# Finding a live in maid



## cupcake3 (Jun 18, 2012)

Hi I have been in Dubai for 4 weeks now, have found a school and moving to a villa next week so pretty sorted, however I want to find a live in maid and wondered if anyone has any advice whatsoever on this subject and also how to find a good one, any reccomendations? thanks so much, any advice very welcome


----------



## furryboots (Jul 31, 2009)

Try the Expat Woman or Dubizzle websites. 
Some maids will advertsie themselves and some current employers will be advertising on behalf of their maid which I take to be a good sign.

My suggestion would be to go with a maid that is currently living-in.
Of course, you need to interview and see references.
Like all things there will be good and bad.
Personally, I ask my maid to cook (and therefore read and understand English to read recipes) so that might be something to consider when getting down to selecting one. 

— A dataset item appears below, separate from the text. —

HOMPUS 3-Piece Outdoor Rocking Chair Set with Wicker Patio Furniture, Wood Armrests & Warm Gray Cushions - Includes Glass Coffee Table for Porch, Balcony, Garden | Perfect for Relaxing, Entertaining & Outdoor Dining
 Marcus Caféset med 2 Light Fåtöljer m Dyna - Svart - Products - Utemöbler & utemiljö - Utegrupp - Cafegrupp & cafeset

Then the fun of sponsorship begins....

Best of luck.


----------



## cupcake3 (Jun 18, 2012)

furryboots said:


> Try the Expat Woman or Dubizzle websites.
> Some maids will advertsie themselves and some current employers will be advertising on behalf of their maid which I take to be a good sign.
> 
> My suggestion would be to go with a maid that is currently living-in.
> ...


thanks so much for your response I will definately try Expat woman and dubbizzle as you advised. thanks again


----------



## BedouGirl (Sep 15, 2011)

Have a look at the notice boards in the supermarkets and I just sent you a PM.


----------



## Garth Vader (May 11, 2012)

If you know anyone that actually has a maid, get them to ask if those maids know anyone. It's a but of a hit and miss affair finding a decent one, so good luck!


----------



## cupcake3 (Jun 18, 2012)

thanks all for your advice, really appreciated!


----------